MATERIALS PROVIDED
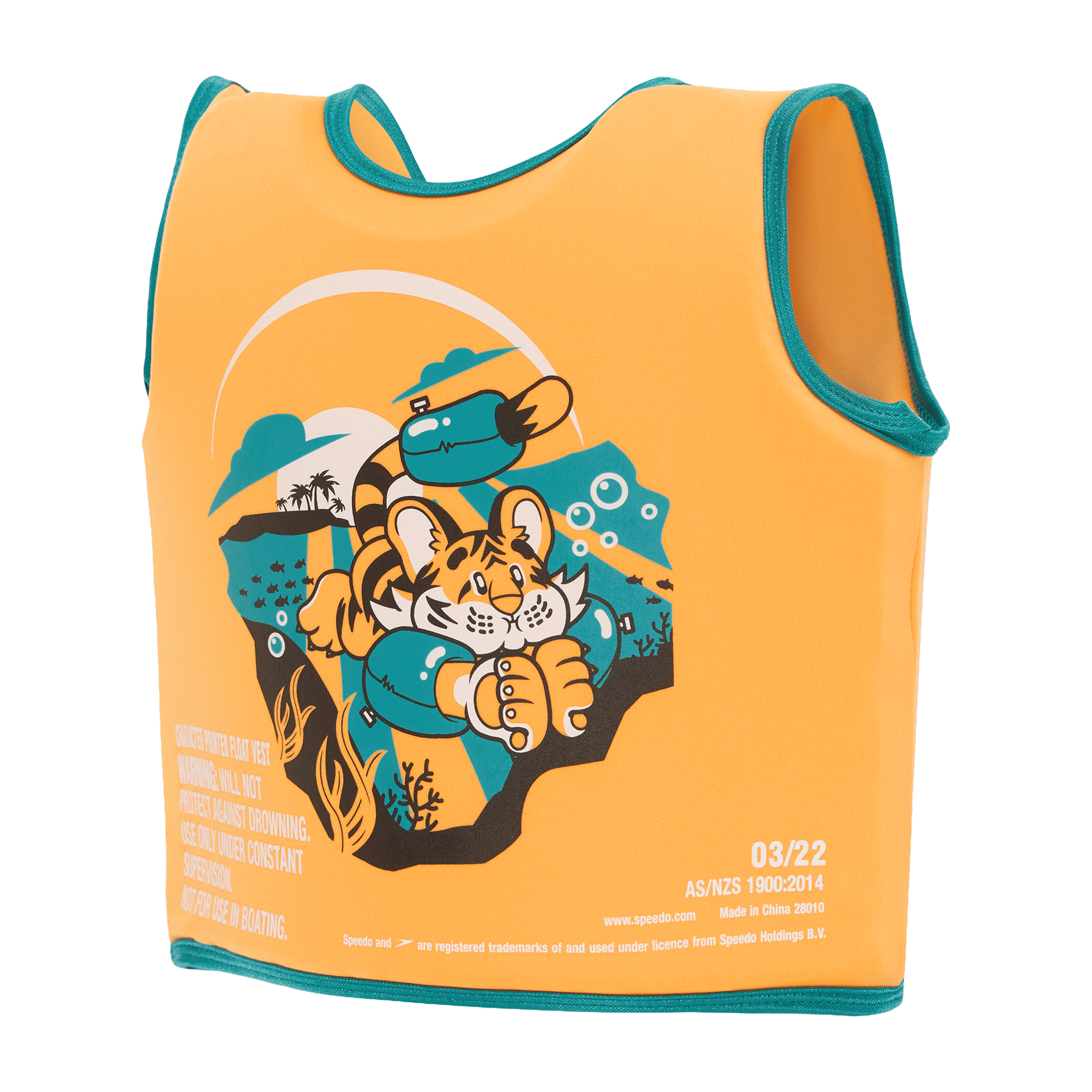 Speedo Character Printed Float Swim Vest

...

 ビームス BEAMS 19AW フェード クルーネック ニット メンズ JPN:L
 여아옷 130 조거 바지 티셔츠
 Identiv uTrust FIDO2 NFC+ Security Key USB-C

--

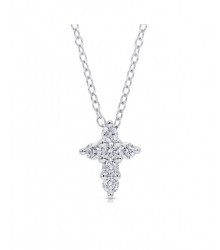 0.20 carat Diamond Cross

ABOUT THIS TASK
Taking the entries above, write out exactly the lines starting with the line containing "여아옷 130 조거 바지 티셔츠" and going on through the line containing "Identiv uTrust FIDO2 NFC+ Security Key USB-C", both included, and nothing else.

ANSWER FOR THE TASK
 여아옷 130 조거 바지 티셔츠
 Identiv uTrust FIDO2 NFC+ Security Key USB-C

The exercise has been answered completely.